Only 20 schools in the country received the distinction from the National Education Policy Center of University of Colorado.

QUILCENE — Quilcene School is one of 20 schools across the nation — and the only one on the North Olympic Peninsula — recognized this year as a School of Opportunity, a designation by the National Education Policy Center of University of Colorado for schools that have excelled at creating learning opportunities for all students.

Quilcene School Principal Gary Stebbins, known as Dr.
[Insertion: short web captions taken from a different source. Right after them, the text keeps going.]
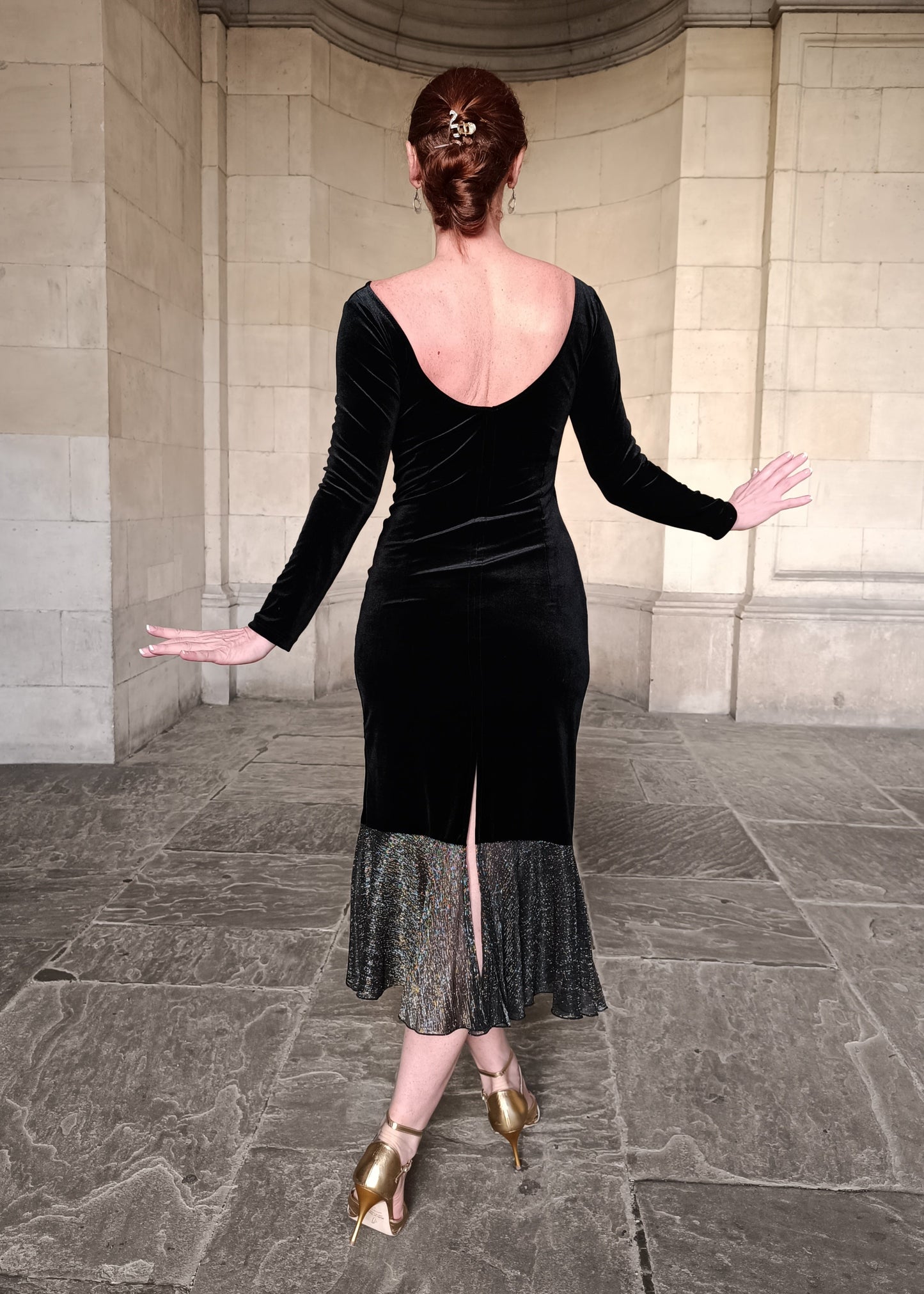WALLIS velvet dress with sleeves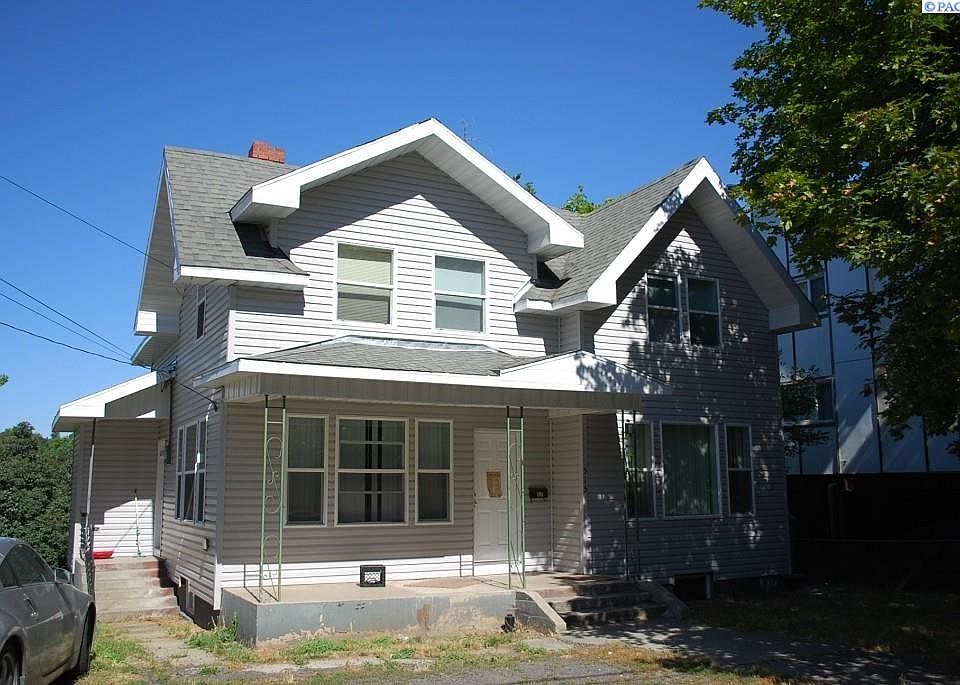 1st image of 513-515 NE Kamiaken St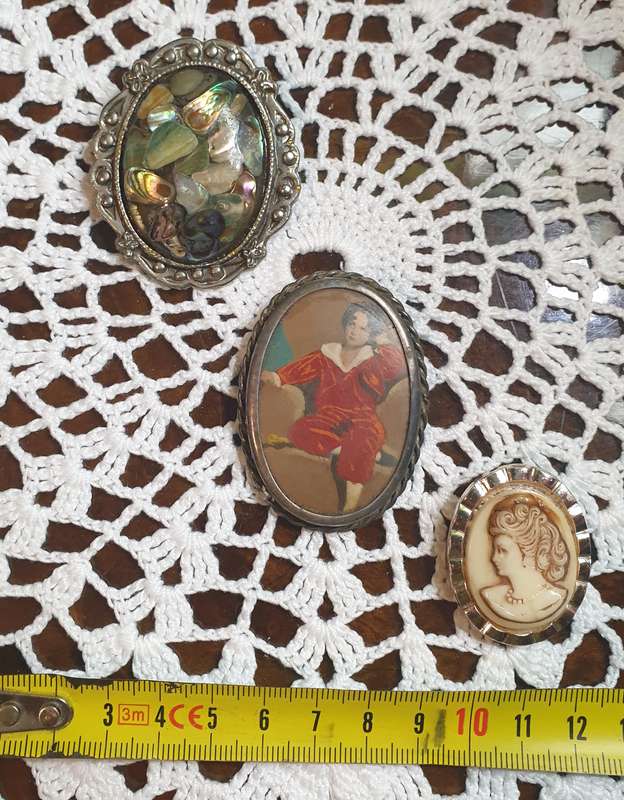 Brooches | Decorative jewellery |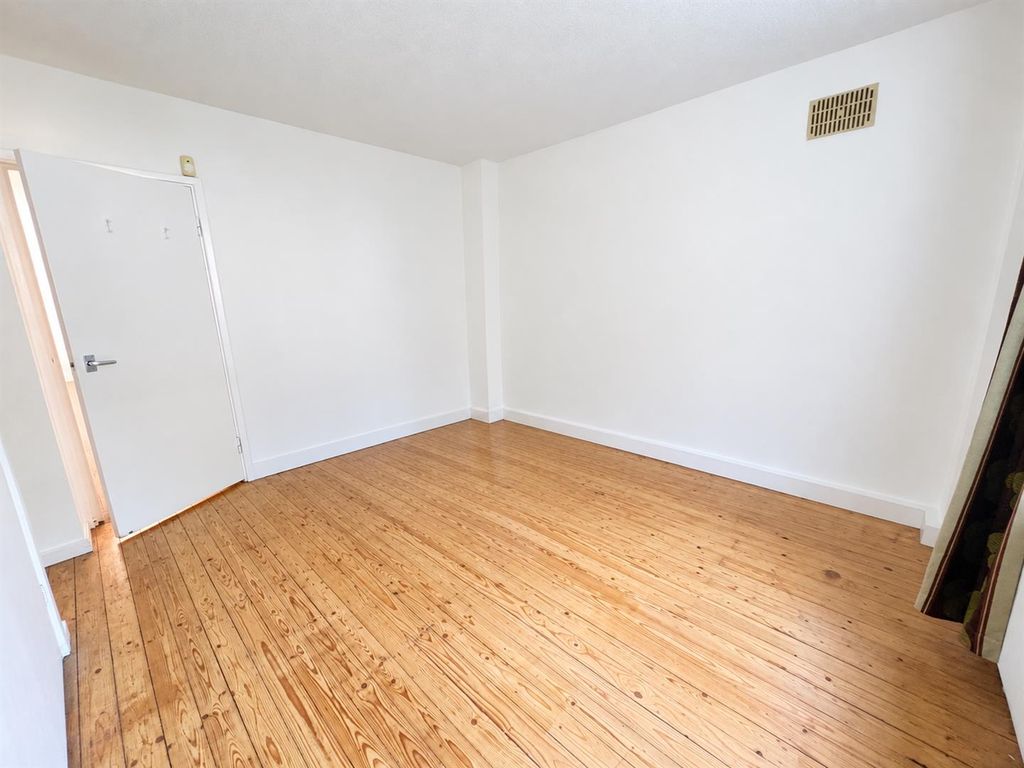 Property photo 3 of 16 Radleigh 2.Png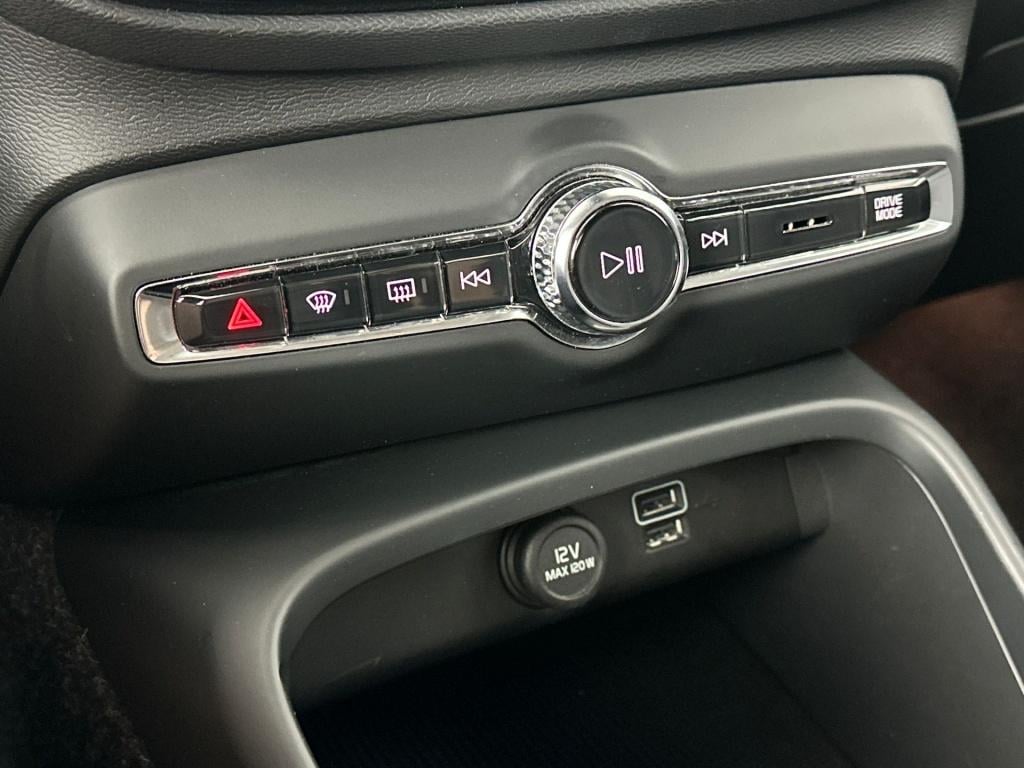 Volvo XC40 t4 211pk recharge r-design| 360camera| trekhaak| adap.cruise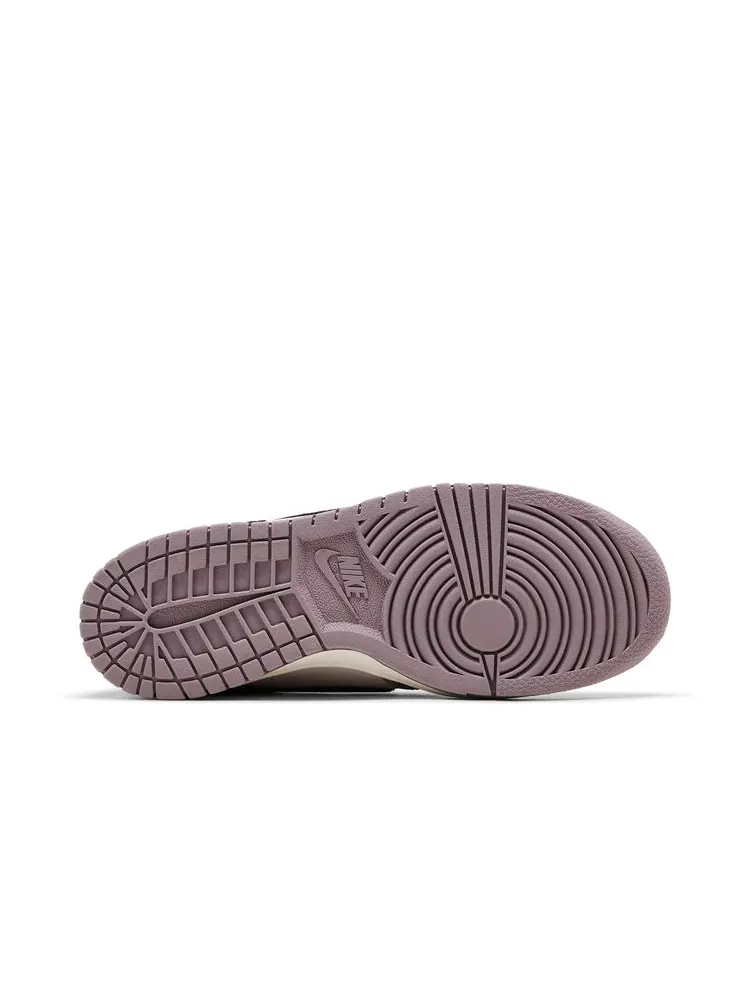 Кроссовки Nike Dunk Low GS Light Violet Ore — изображение 4 из 6, светлый фиолетовый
G to some, found the application for the award and — with the help of teachers and faculty — submitted the extensive application.

“I started reading about it and saw that we were doing a lot of the things described in the application,” Stebbins said.

“The process of applying for this is a great activity for self-reflection and I liked that it was a way to judge schools that wasn’t based on test scores.”

After the application was reviewed by teams of researchers, teachers, policy makers and administrators who judged the school on its curriculum, culture, response to student needs and teacher support, Quilcene was one of 12 schools awarded a silver designation.

Eight received gold designations.

“Quilcene’s strong commitments to inclusion and access for all students particularly stood out to the national team of reviewers,” said Carol Burris, Schools of Opportunity project co-director.

Forty-seven percent of the K-12 school’s 285 students are economically disadvantaged, according to the National Education Policy Center.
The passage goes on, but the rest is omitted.